Let \(p := Inf_{\mathbb{R}} (S)\).
Step 2:
Let us see that \(r_1 \le p\).
Let us suppose that \(p \lt r_1\).
\(p \lt p + (r_1 - p) / 2 \lt r_1\).
For each \(s \in S\), \(p + (r_1 - p) / 2 \lt r_1 \le s\).
So, \(p + (r_1 - p) / 2 \in Lb_{\mathbb{R}} (S)\), where \(Lb_{\mathbb{R}} (S)\) would be the set of the lower bounds of \(S\) on \(\mathbb{R}\), a contradiction against that \(p\) was the maximum of \(Lb_{\mathbb{R}} (S)\).
So, \(r_1 \le p\).
Step 3:
For any \(s \in S \subseteq J\), \(r_1 \le p \le s\), which implies that \(p \in J\), because \(J\) is an interval.

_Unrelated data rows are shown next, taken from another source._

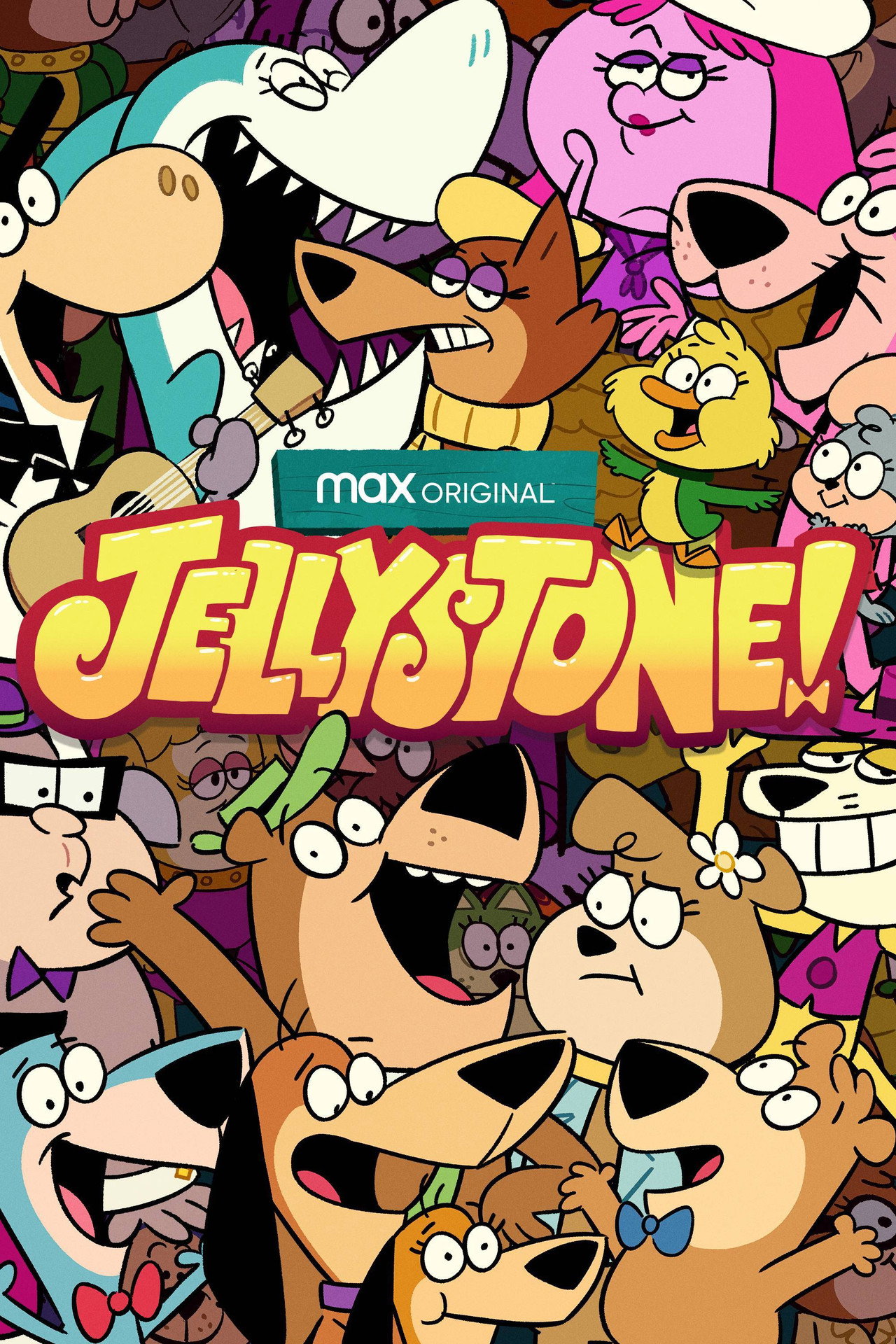 Pôster de Jellystone!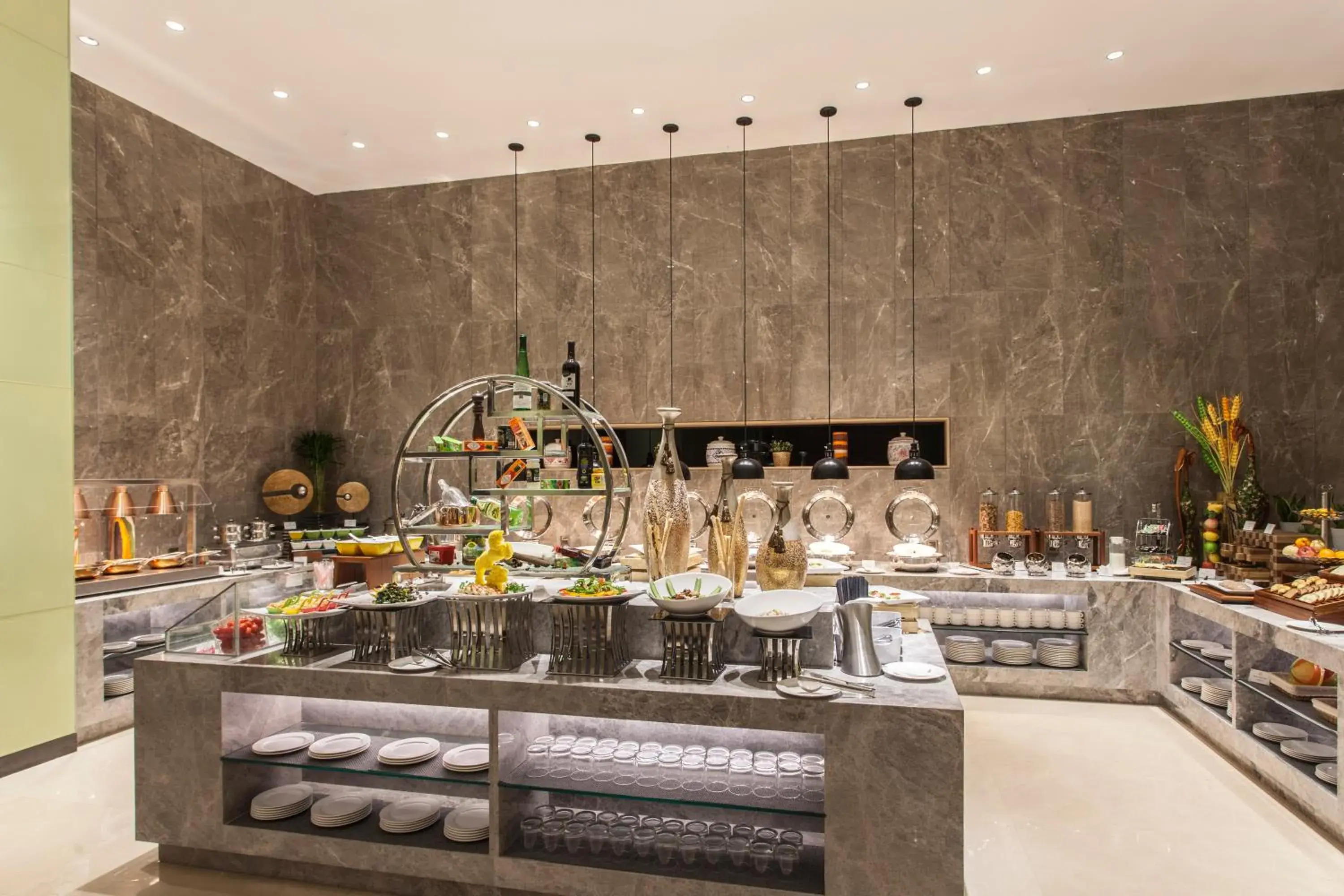Restaurant/places to eat in Somerset Xindicheng Xi'an Restaurant/places to eat in Somerset Xindicheng Xi'an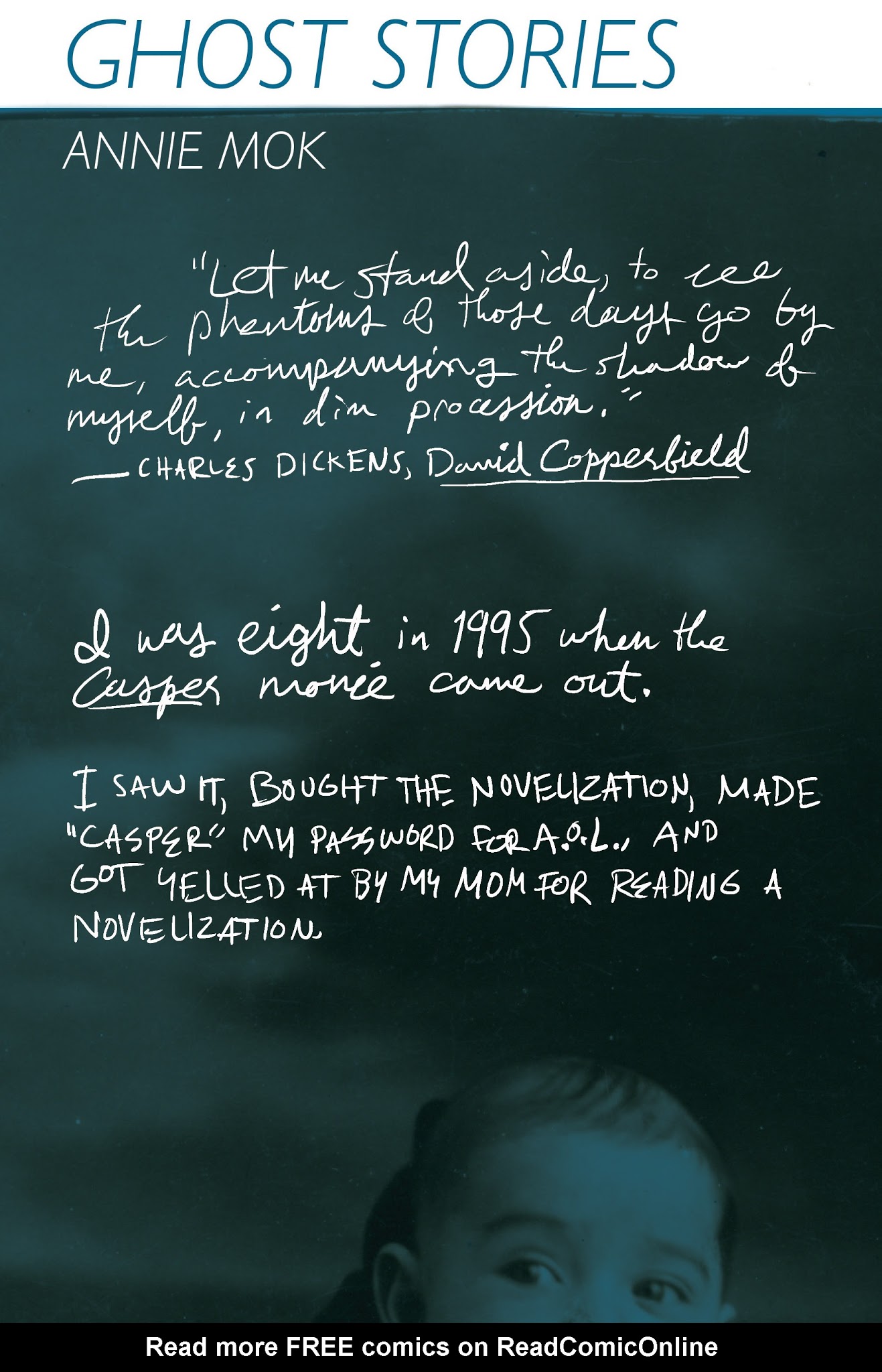 Read online The Secret Loves of Geek Girls comic -  Issue # TPB - 183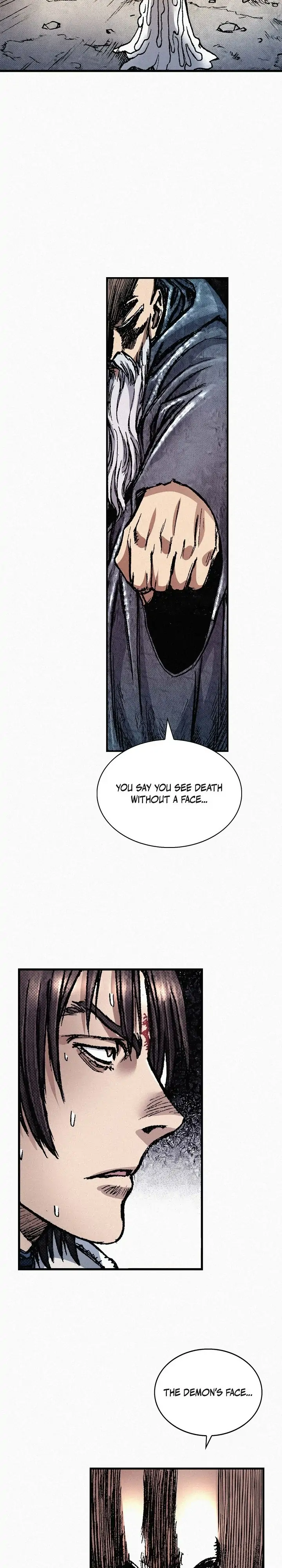 Chunchu The Genocide Fiend Chapter 71 - page 8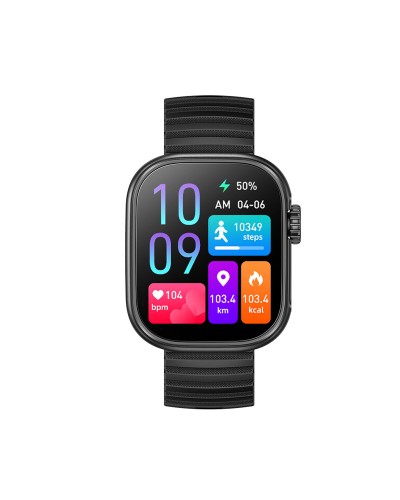 Smartwatch Aiwa Nero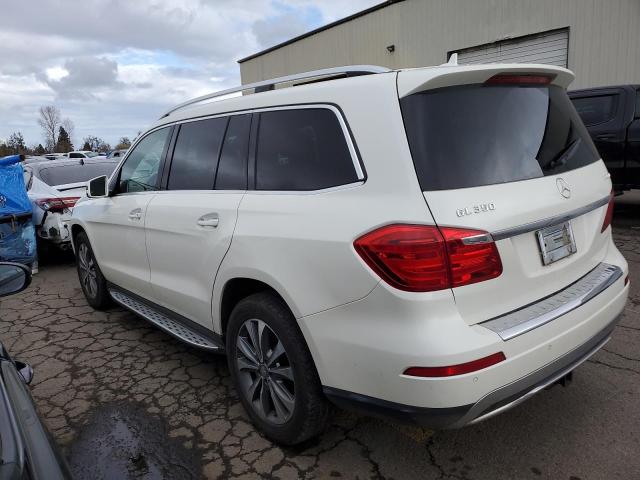 VIN 4JGDF2EE8EA413507 2014 Mercedes-Benz GL-Class, ... no.2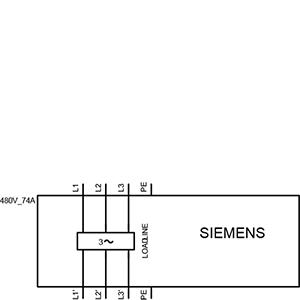 Siemens 6SL3000-0BE23-6DA1 Orijinal Premium Parça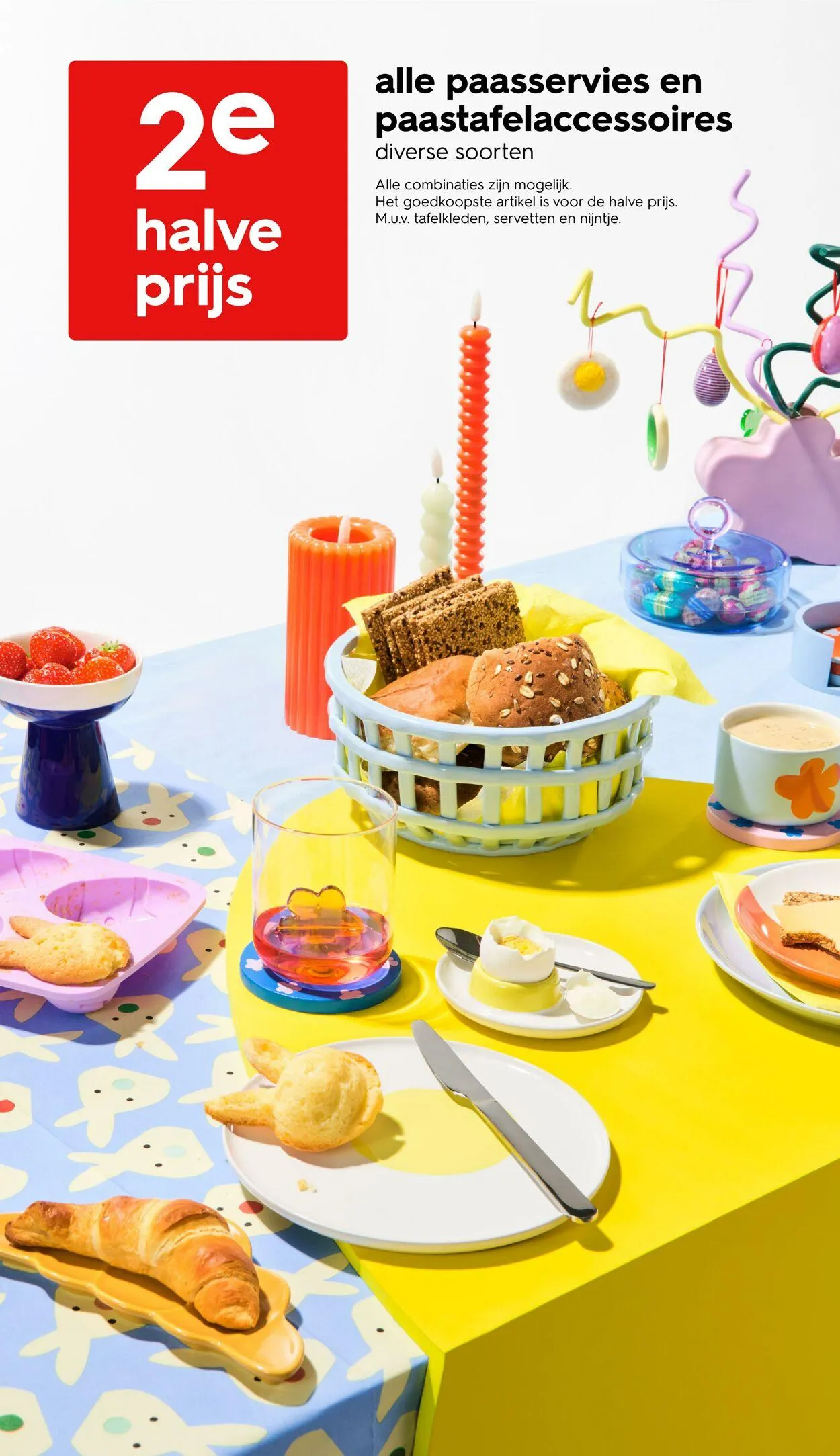 Hema van 7 april tot 20 april 2025 - Folder pagina 17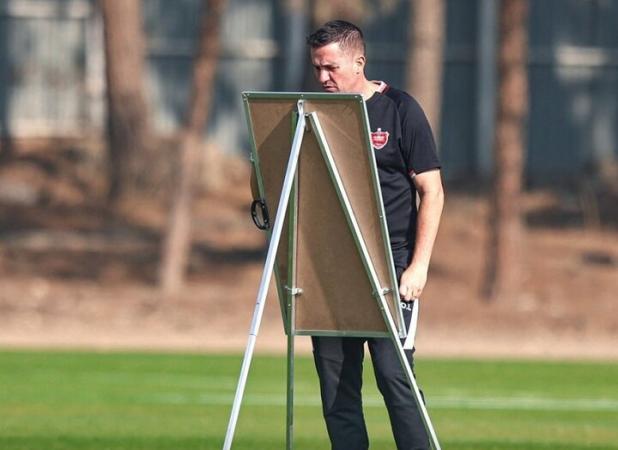 رستگاری اوسمار با ۷ / خوش طعم ترین ۱۳ برای پرسپولیس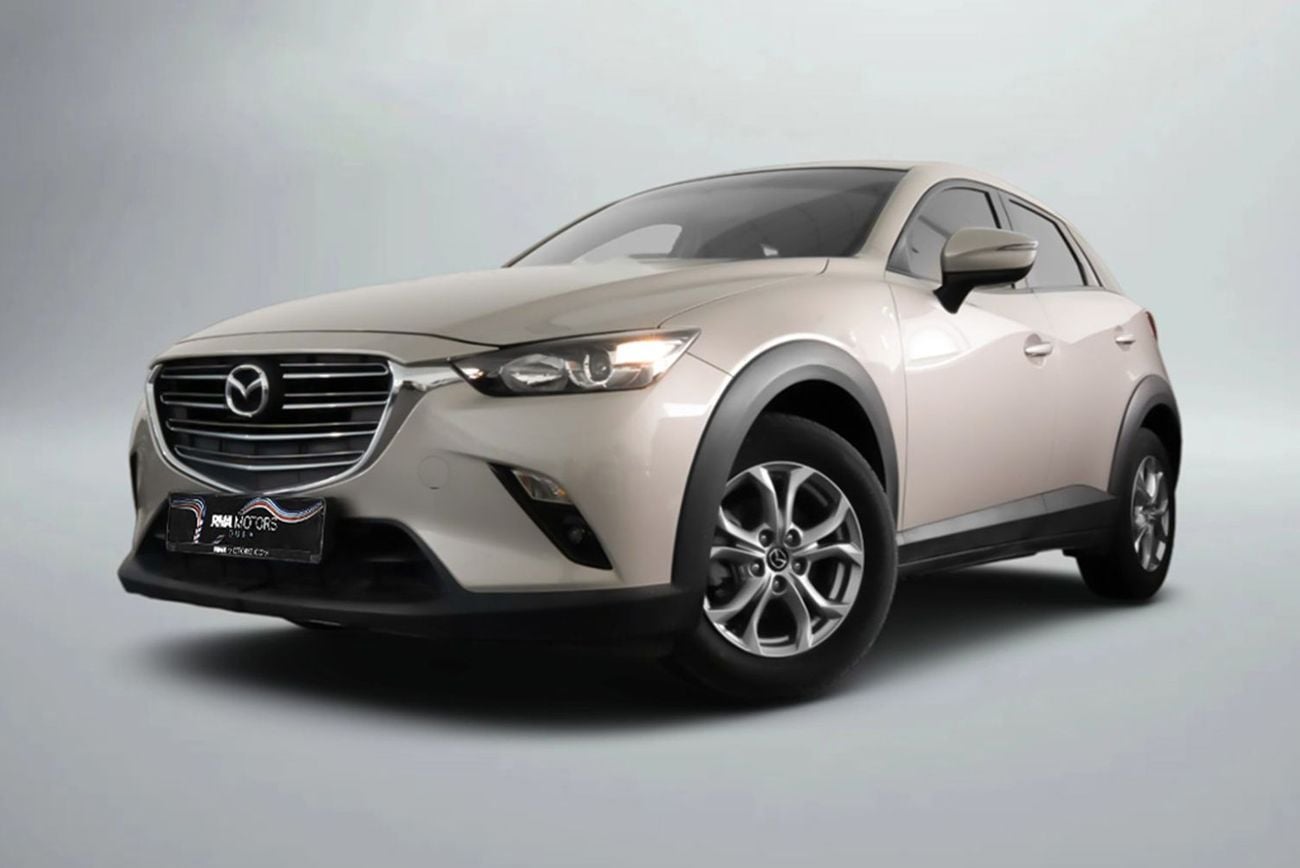 مازدا CX3 2.0L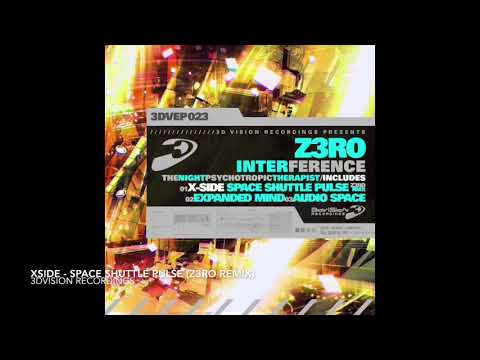 X-side - Space Shuttle Pulse (Z3ro RMX)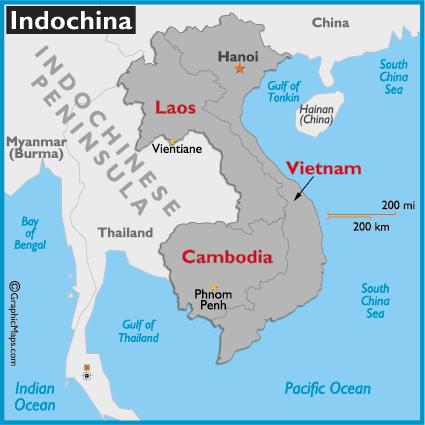 involvement in Indochina Frantz Fanon s Black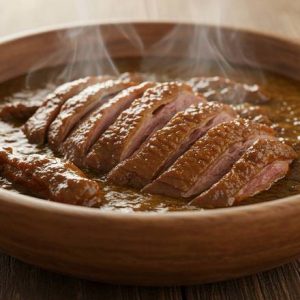 51. Duck Curry / 鸭肉咖喱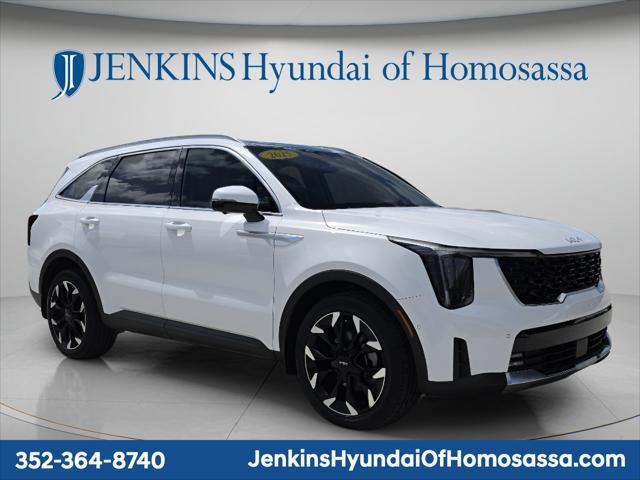 2025 Kia Sorento SX for sale in HOMOSASSA, FL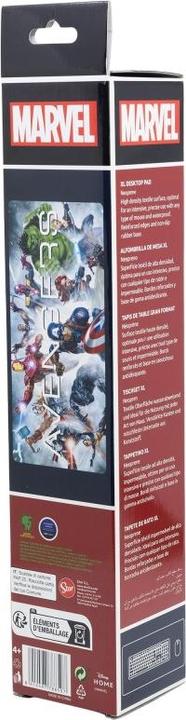 Produktbild Tinisu Avengers Marvel Gaming Tischunterlage PC Laptop Desktop Mauspad XXL (XXL)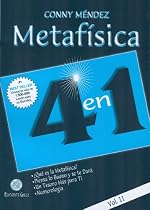 Metafisica 4 En 1 Volumen II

For each \(s \in S\), \(p \le s\), which means that \(p \in Lb_J (S)\).
If \(p\) was not the maximum of \(Lb_J (S)\), there would be a \(u \in Lb_J (S)\) such that \(u \le p\) did not hold, but \(u \in Lb_{\mathbb{R}} (S)\), a contradiction against that \(p\) was the maximum of \(Lb_{\mathbb{R}} (S)\), so, \(p\) is the maximum of \(Lb_J (S)\).
That means that \(p = Inf_J (S)\).